Филарет очнулся от дум, понял, что говорит свои мысли бесконтрольно. Насупился.
– Чего приговорим, бояре? – поставил он встречный, всегда готовый вопрос, заставлявший бояр вжимать головы в плечи, твердя молитвы.
– Перво-наперво государя надобно оздоровити, – сказал Мстиславский по праву первого боярина. – Помнится, как-то…
Мстиславский остановился: вошел боярин Романов. Он был одет по-дворцовому, не наспех, но заспан и угрюм. Сел на лавку возле патриарха – и ни слова.
– Помнится, – продолжил Мстиславский, – как-то раз вот этак же заболел царь Федор Иоаннович, а татарва была у самой Москвы подошедши, и казаки с ней заодно, и немцы…
Во царевом верху превыше всего ценились предания царского двора, и когда кто-нибудь из старых и родовитых бояр начинал рассказывать, заупокойная тишина водворялась в палате, а боярин тот ценился еще более высоко, ибо он – хранитель преданий.
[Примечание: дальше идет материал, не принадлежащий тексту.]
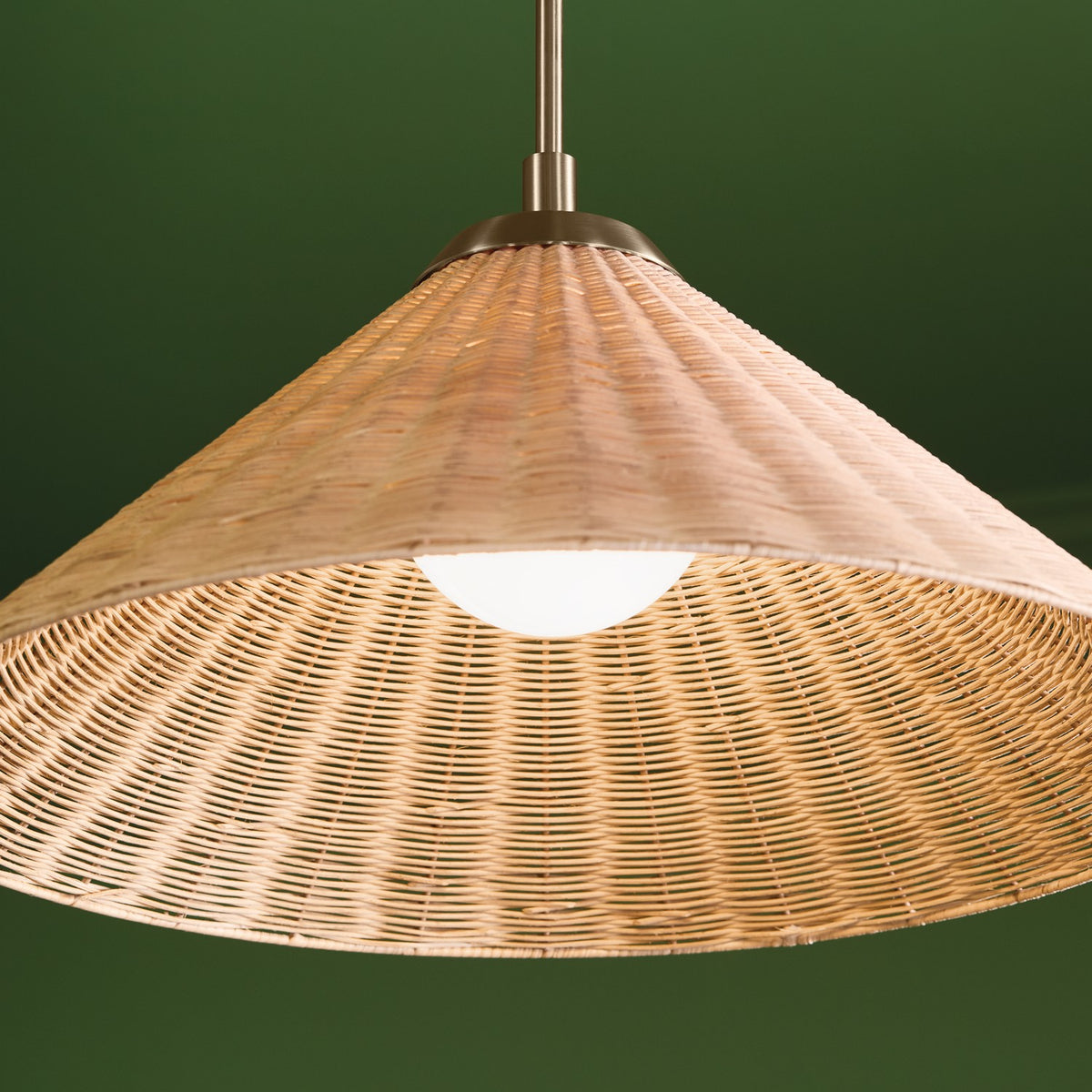 Suspension ou semi-plafonnier DEL | Bekah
Сейчас все приготовились слушать одну из историй, но из Постельной послышался стон царя. Филарет и боярин Иван Романов направились туда.
– Федор Иванович, чего ты велиши? – спросил Трубецкой Мстиславского.
– Нечего фрягу слушати! Он за целый божий день малу хворь не выгнал?
– Не выгнал, – согласился Трубецкой.
Мстиславский повернулся к аптекарскому боярину:
– А коли он не выгнал аже малу хворь, ан выгонит ли сей муж ученый велику?
– Так чего велиши, Федор Иванович? – в свою очередь спросил аптекарский покорно.
– А то и велю: надобно нашего лекаря искати!
Патриарх и Иван Романов остановились в дверях из Крестовой. Они слышали разговор.
– Как искати? – спросил Романов.
– Есть ли таковой?! – воскликнул Филарет.
– Есть таковой! – тотчас ответил Трубецкой.
– Кто? Кто таков? – почти разом загудели бояре.
– А кто таков, о том повели слово молвити боярину Морозову Василию да Петровичу!
Морозов почувствовал, как от этих хитрых слов с их притворной ласковостью повеяло не только огнем недавней драки на Страстной неделе, но и холодом застарелой ненависти. Это было знакомо, и можно было бы по привычке грубо ответить Трубецкому, перерезать его мыслишки хлестким словом, если бы за словами самого Трубецкого не крылась досадная правда. Морозов сразу почуял, к чему гнет хитрец, и притворился простаком:
– Не ведаю, про что твердиши, Димитрий Тимофеевич.
– Будто и не ведает! Я ведаю, а он нет! – издевался Трубецкой, сразу став центром внимания. – А ведь не моя жена твоей, а твоя – моей сказывала ныне ввечеру, что-де ести на Москве богатыреват лекарь, что-де тот лекарь, всяку хворь удаляющий, ведом тебе.
– Почто сокрытие твориши, боярин? – страшным шепотом спросил Романов.